かもしれない、似ている、という言葉を使いながらも確信のある響きが印象的だった。
彼の過去を知っている俺が黙って聞いていると、獄寺は珍しく饒舌になり、小さなこどものような顔をした。
その顔は、仕事を早く終わらせて時間をつくった今、知らず俺の前で晒している。

辺りを少し移動すれば分かる。
獄寺はそう言って、俺に証明するように電車を乗り継いだ。
だから俺は素直に獄寺に着いていった。
俺をダシにして自分の興味を追求しようとする獄寺が可愛かった。

3本めの電車に乗った途端、獄寺は何も話さなくなった。
はじめは下を向いていた獄寺が、さりげなさを装って景色を気にしだし、しまいには俺の存在さえ忘れたように窓に食いつきはじめた。
スイッチが入ったのは、黒い大きな機関車と擦れ違った時だった。
獄寺は、はっとした顔になり、流れゆく景色を観察するように眺め、やっとくちを開いた。
「次で降りるぞ」

降車駅のホームは、行き交う人間がとても多かった。
改札口に向かうまでの線路には、長距離列車や夜行列車が待機していた。
栄えた雰囲気の街に、俺は思わず尋ねる。
「獄寺の実家も、こんな感じなのか?」
「雰囲気やひとの数は、そうかもな。距離は少し離れてるけど」
東京と横浜を較べているようなものだろうか、と獄寺は俺がイメージしやすいように付け加えてくれた。

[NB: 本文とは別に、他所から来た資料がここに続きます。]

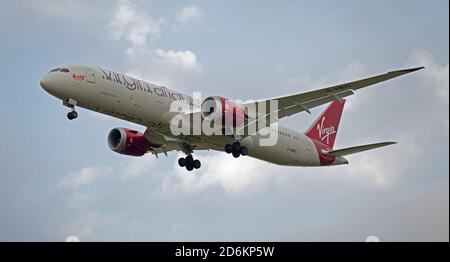Virgin Atlantic Boeing 787 Dreamliner G-VNYL über die endgültige Annäherung an Flughafen London-Heathrow LHR Stockfoto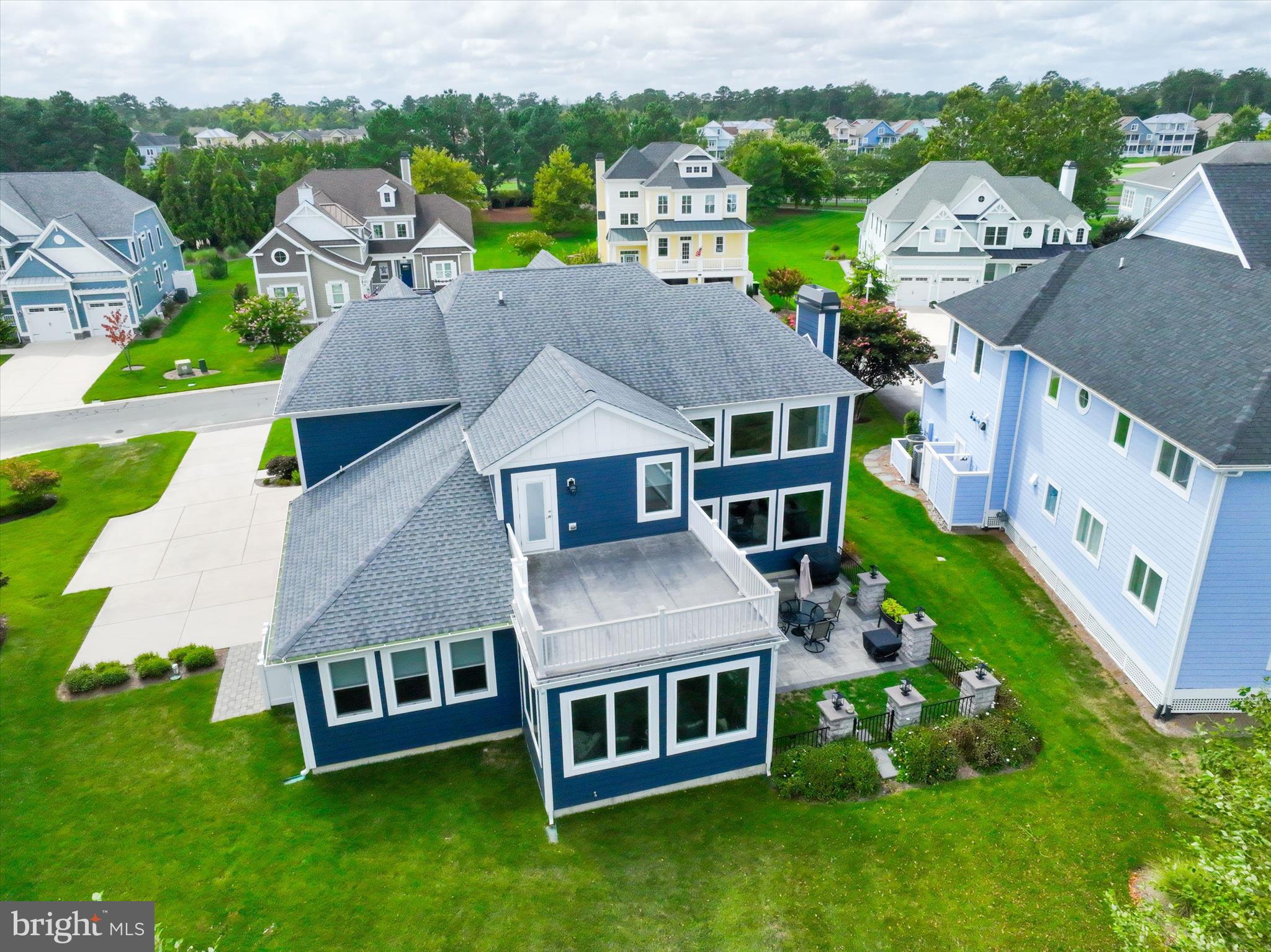 PENINSULA - Residential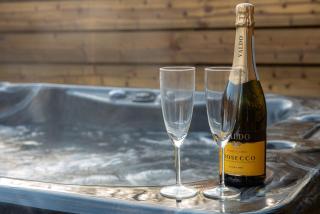 Havana Lodge - Still Rabbit - Hot Tub - Yorkshire - 9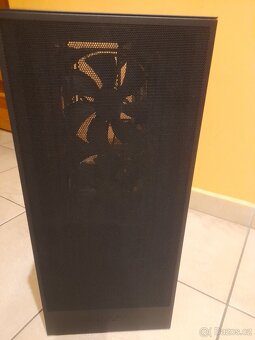 NZXT CM-H72FB-01 - 5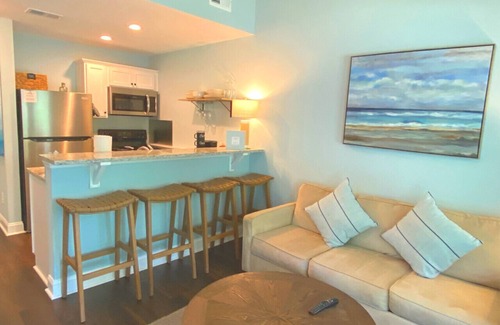 Leesville Apartamento | Seas the Day - 2BR w/ Lake Views, Walk to Marina, Beach, Food & Music!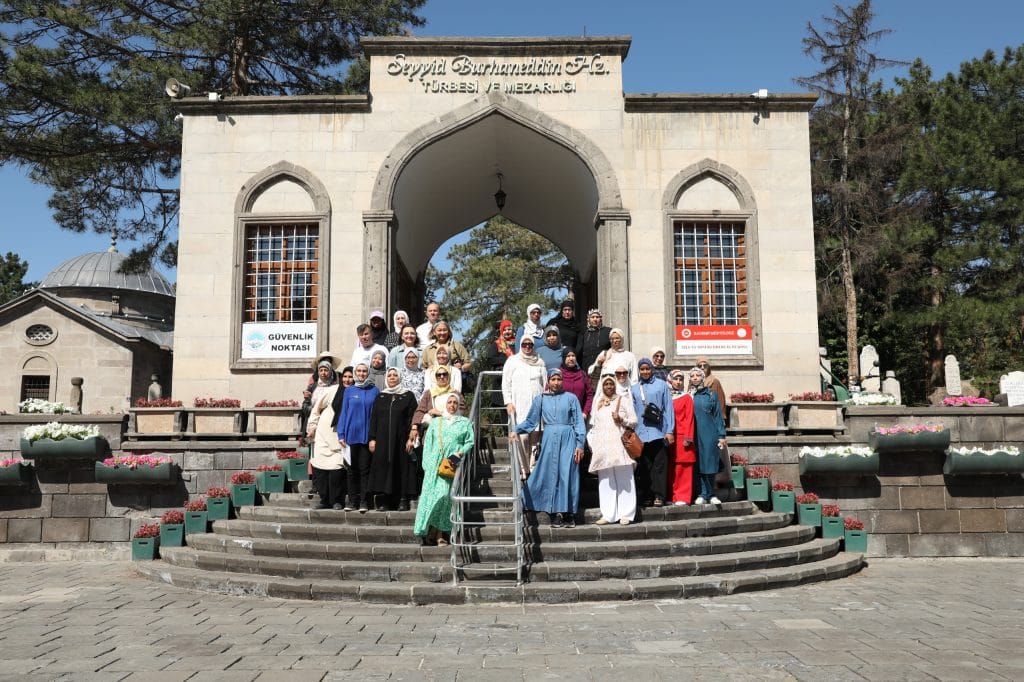 9 Ülkeden Gelen Kursiyerlere Kayseri tanıtıldı, Emekliler Kafeteryası’nda Jimnastik Aktivitesi, Sınava giren öğrencilere ücretsiz ulaşım ve başarı dileği. karne törenleri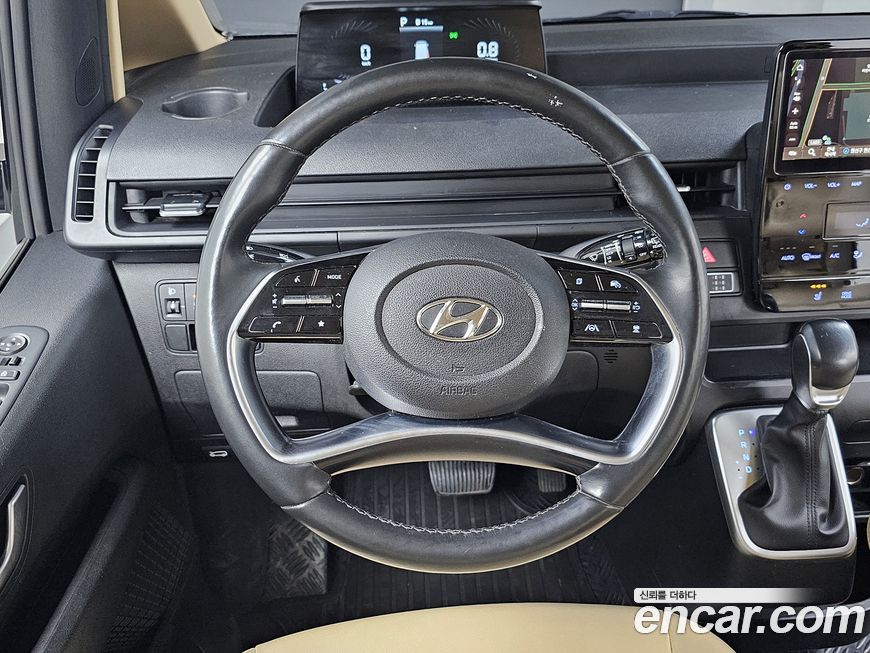 Hyundai Staria 2022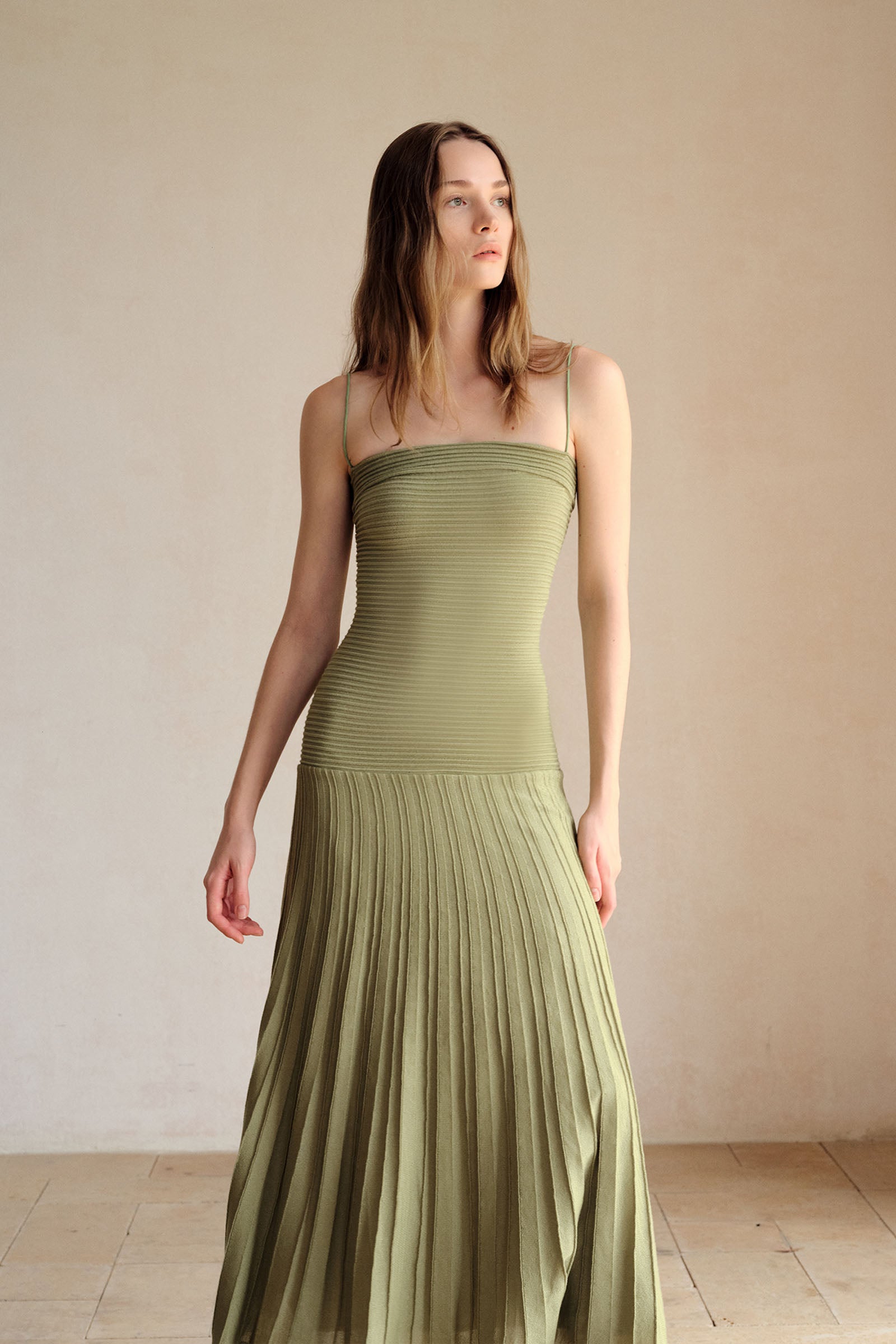 Phyllo Midi Knit Dress (Leaf)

獄寺はまだ列車を利用するつもりだったようで、時刻表を探していた。
でも「くっそ」その列車はすぐに乗れないらしいことが獄寺の様子から伝わった。
朝から列車を乗り継ぎ、時刻表の隣の時計は正午を過ぎていた。
引き返す時間を見積もると、あまり長居はできない。
でも、獄寺が諦めきれないような顔をするから
「獄寺…レンタカー使わないか?乗り捨てられるシステムなら、帰りも便利だろ?」
俺は、おずおずと提案した。
獄寺が敢えて鉄道を利用したことに、気づいていながら。
「…………」
獄寺が、少し困ったように眉間を寄せた。

本当は、俺も時間の許す限り獄寺の望むままにしてやりたかった。
だって、獄寺がこんな風に郷愁に駆られた行動を起こしたことは今までになかったからだ。
だから、なおのこと、俺は獄寺の望むことから叶えたかった。
たとえ、列車の窓から流れる景色さえ懐古の一部だと汲みとれても。
今の獄寺のいちばん欲しいものは、目的地だと気づいたから。
「……分かった」
獄寺が、白い頬をきゅっと引き締めた。